-- GIVEN MATERIAL follows --

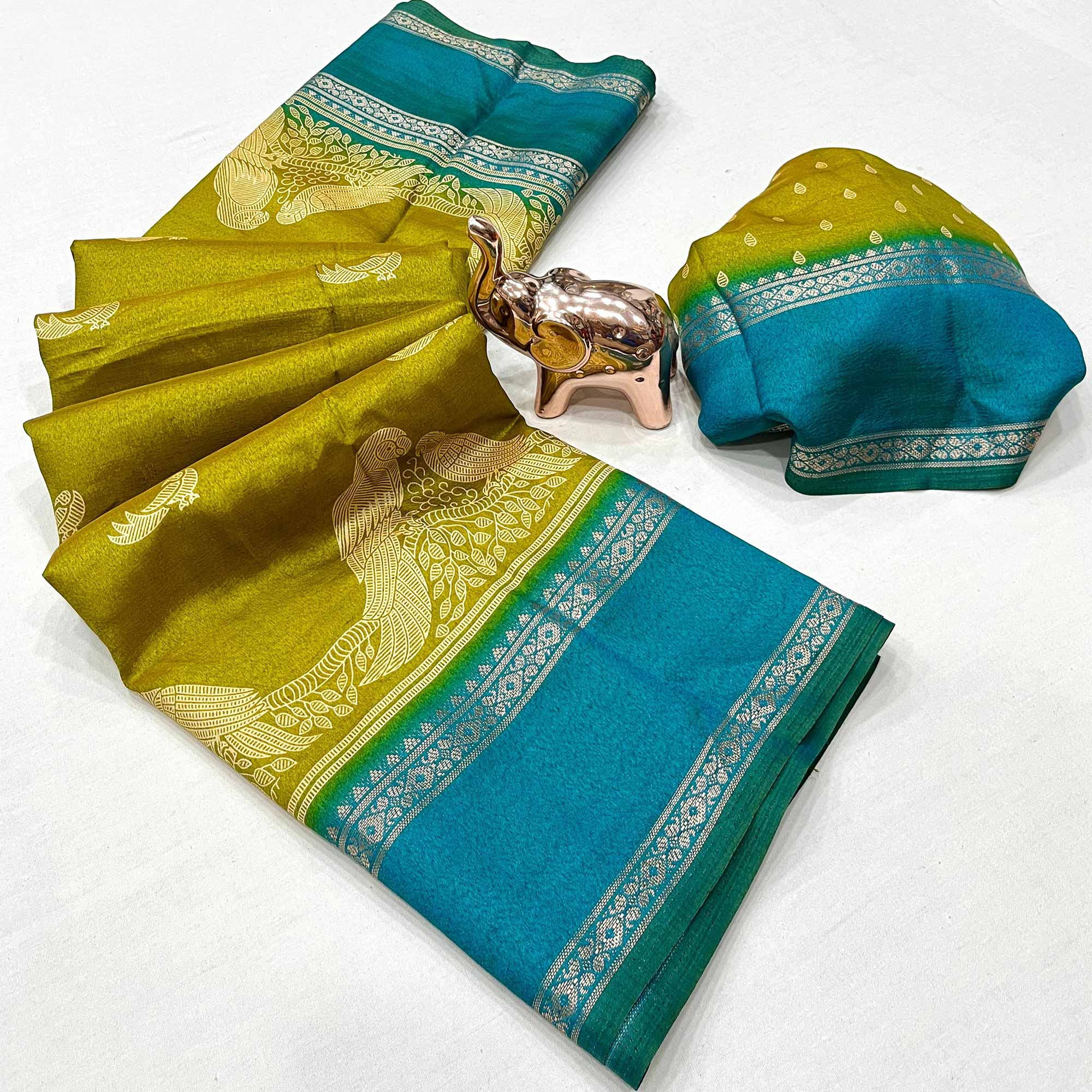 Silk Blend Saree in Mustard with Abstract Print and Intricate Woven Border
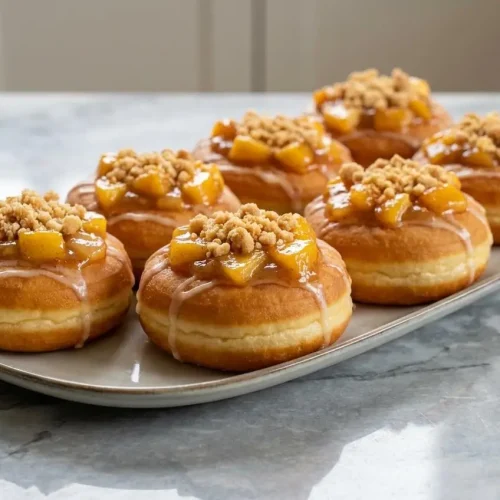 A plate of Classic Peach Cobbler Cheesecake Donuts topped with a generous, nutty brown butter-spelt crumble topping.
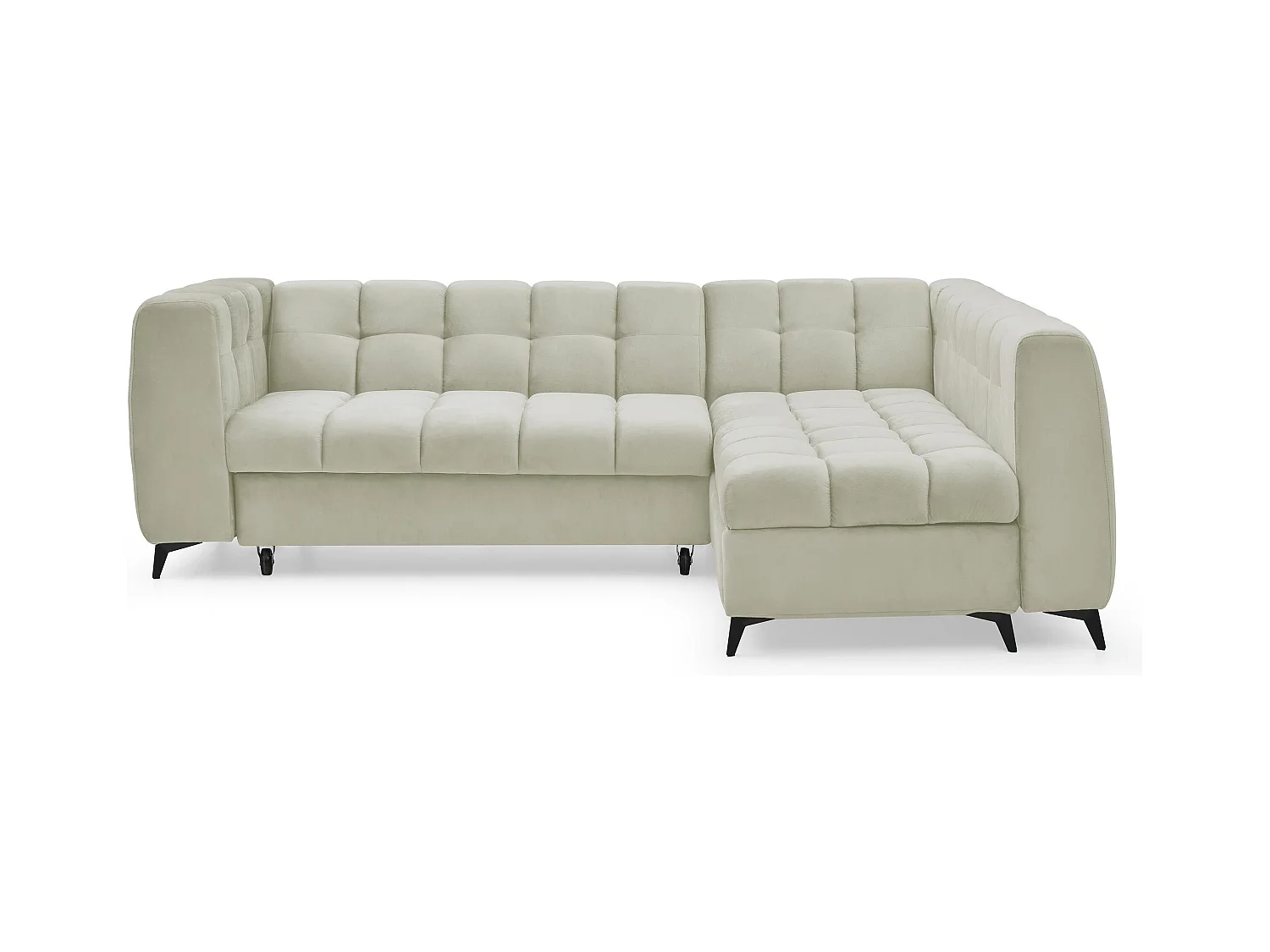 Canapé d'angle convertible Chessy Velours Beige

-- GIVEN MATERIAL concluded --

### TASK BRIEF
When you copy the listing, keep every line exactly as it is but leave out all images.

### ANSWER SECTION
 Silk Blend Saree in Mustard with Abstract Print and Intricate Woven Border
 A plate of Classic Peach Cobbler Cheesecake Donuts topped with a generous, nutty brown butter-spelt crumble topping.
 Canapé d'angle convertible Chessy Velours Beige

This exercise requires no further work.